#### [Exercise input]
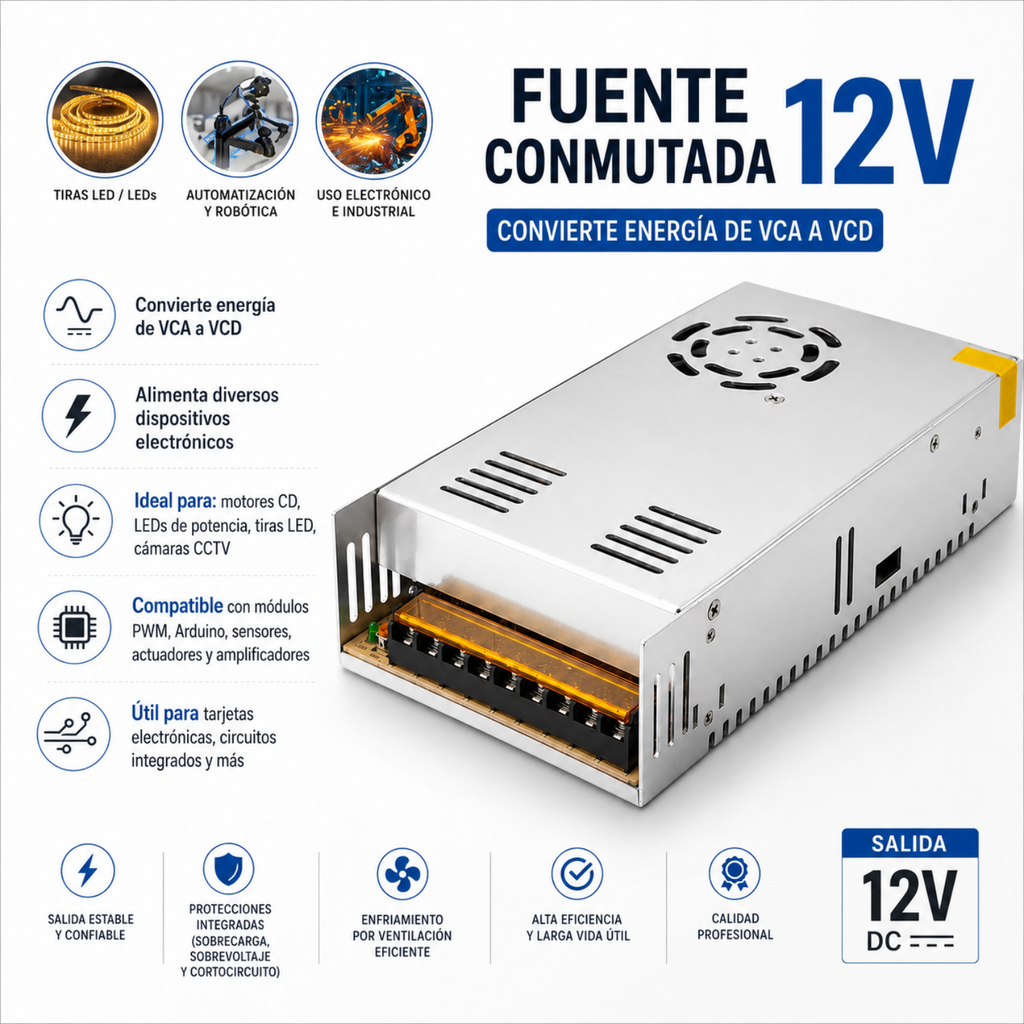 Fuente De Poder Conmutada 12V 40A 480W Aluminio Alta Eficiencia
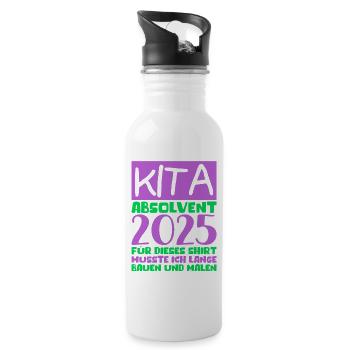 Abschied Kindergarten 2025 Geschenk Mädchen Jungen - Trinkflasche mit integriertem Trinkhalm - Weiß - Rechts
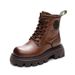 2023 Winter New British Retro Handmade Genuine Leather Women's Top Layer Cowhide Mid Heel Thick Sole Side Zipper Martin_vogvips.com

---

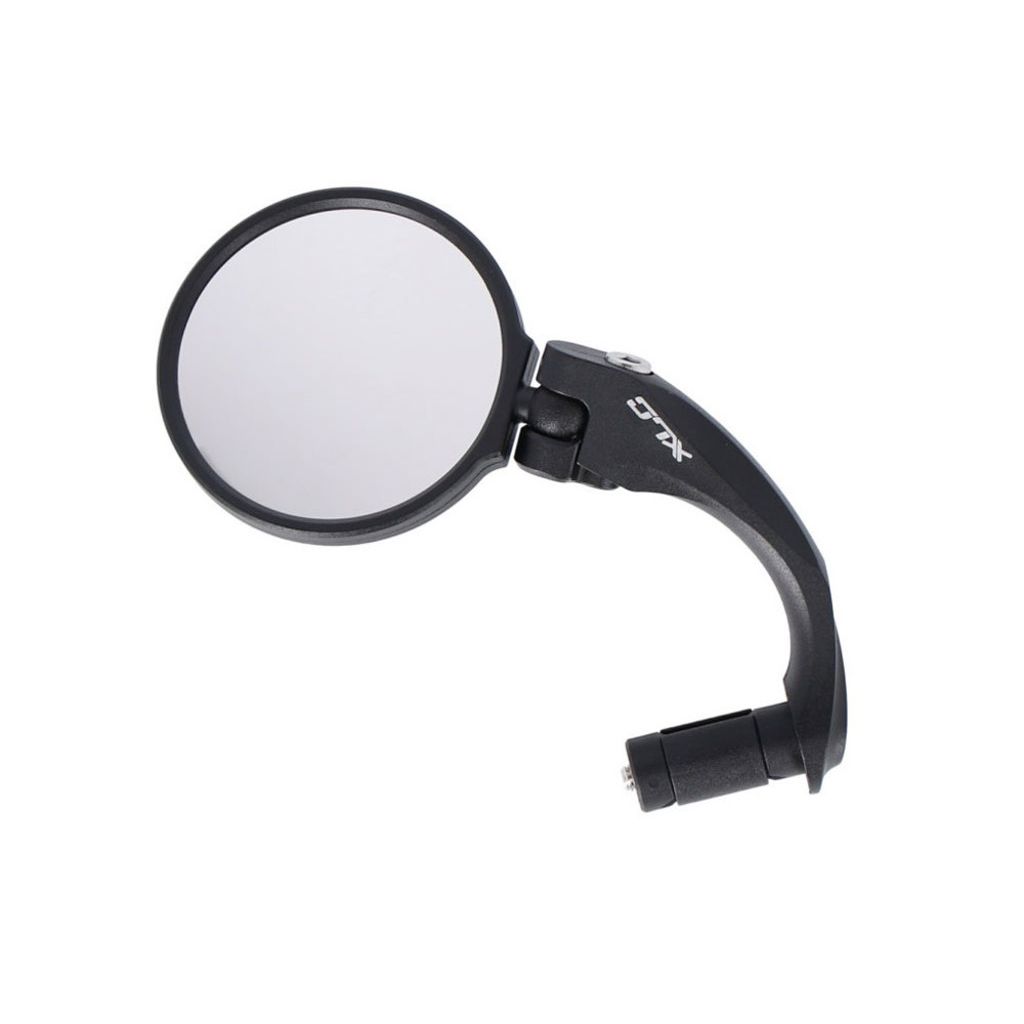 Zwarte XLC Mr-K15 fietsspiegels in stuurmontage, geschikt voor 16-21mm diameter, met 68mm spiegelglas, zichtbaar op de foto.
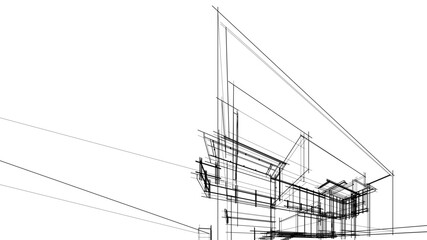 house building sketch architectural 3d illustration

#### [Exercise requirements]
Only one stretch of the data is wanted: write out exactly the lines from the one holding "Fuente De Poder" through the one holding "2023 Winter New", both included, without the pictures.

#### [Answer box]
 Fuente De Poder Conmutada 12V 40A 480W Aluminio Alta Eficiencia
 Abschied Kindergarten 2025 Geschenk Mädchen Jungen - Trinkflasche mit integriertem Trinkhalm - Weiß - Rechts
 2023 Winter New British Retro Handmade Genuine Leather Women's Top Layer Cowhide Mid Heel Thick Sole Side Zipper Martin_vogvips.com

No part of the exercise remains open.